Passing along the beautiful road way from Brussels to Antwerp Belgium, the peaceful fields along the highway belies
the
tragedy suffered by the German onslaught of World War II. Driving the car was our host Roger DePorter, a vowed
opponent of the WWII Nazi regime. The nearby forest where Nazi tanks burst through the picturesque woodlands
became a house hold word called simply the Battle of the Bulge.
The German invasion of this great country was one of contradiction because the Belgium people were in the
horrible zone that contained many citizens who could not escape. Then the endless marching of Nazi troops that occupied
their land was a threat to anyone or anything in their way. The dilemma of senseless murders by the Nazis was accented by
countless raids by the Allied air forces out of England with their necessary daily bombing of enemy targets there. This also
killed many innocent people of Belgium plus the heavy damage to the German military. However, the will of the people of
Belgium did not falter.
At the time, DePorter was a young university student that couldn’t stand what he saw. He borrowed his father’s new
car and together with a friend headed to the border of France to join the French army. Soon he was stopped by the British
road block. DePorter explained he wanted to go fight the Nazis with the French army. “Too late”, they said. Germans had
taken France and they were everywhere. At that point they confiscated the new automobile and bid them good bye and
advised them to travel by foot only at night on their way back home. They did and ate only rutabagas stolen from gardens to
sustain their long walk back. (After the war the Brits honored his receipt he kept all those years and he got a new car).
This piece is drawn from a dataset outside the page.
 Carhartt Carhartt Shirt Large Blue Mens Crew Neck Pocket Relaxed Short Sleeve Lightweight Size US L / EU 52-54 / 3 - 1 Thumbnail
Soon he learned that one of his university professors was secretly organizing a branch of the Belgium Underground, a
formidable subversive force that continually disrupted Nazi activities by night while they carried on normal duties of school or
employment during the day. He gladly joined the group and survived the entire war while serving with this fantastic group of
heroes.
He drove us through an opulent subdivision of two and three story homes in Brussels. It was similar to the expensive
homes in cities like Houston. DePorter pointed out a particular attractive home and quietly told us that it housed the dreaded
Nazi Gestapo headquarters during the war; “But, we ‘took them out’ one night and got all their weapons and documents.”
Then we drove by one of the concentration camps still complete with high chain length fences and knarled razor wire.“A lot of our friends in The Underground were captured and placed there. None survived.” The dismal grounds remain as a
reminder to those that passed here of the hardships endured. All the while, there were still two allied tanks poised at the gate
entrance as symbols of defiance.
Since the secret meetings were often held in the basement of the professor’s home, there was always a small light
shining on the front door. One night near the end of the war, at a prescribed time, DePorter rode his bicycle by the house for
a
meeting but noticed the light was out. He stopped in the next block, got off his bicycle and pretended to tie his shoes. He
had
noticed a suspicious person slowly walking toward him. The man didn’t stop or look at him. He said he could feel the hair
stand up on his neck when the stranger said, “They got the professor”, and passed on by without a glance at DePorter.
No telling what the professor went through during the remaining months of the war but not a single name of Underground
agents was revealed. As the Nazis were pulling out of Belgium, troops rushed where they held the professor only to find he had
been shot and killed a few minutes earlier.
After the war’s end, DePorter was so highly decorated that he was offered any job of his choosing in the Belgium
command. He chose the mayor ship of Stanleyville, Africa in the Belgium Congo and served many years there. Roger DePorter
has passed away and some of this story might now be repeated. I was honored with his confidence in me that I might be one to
shake the hand of truly a patriot and hero of the times.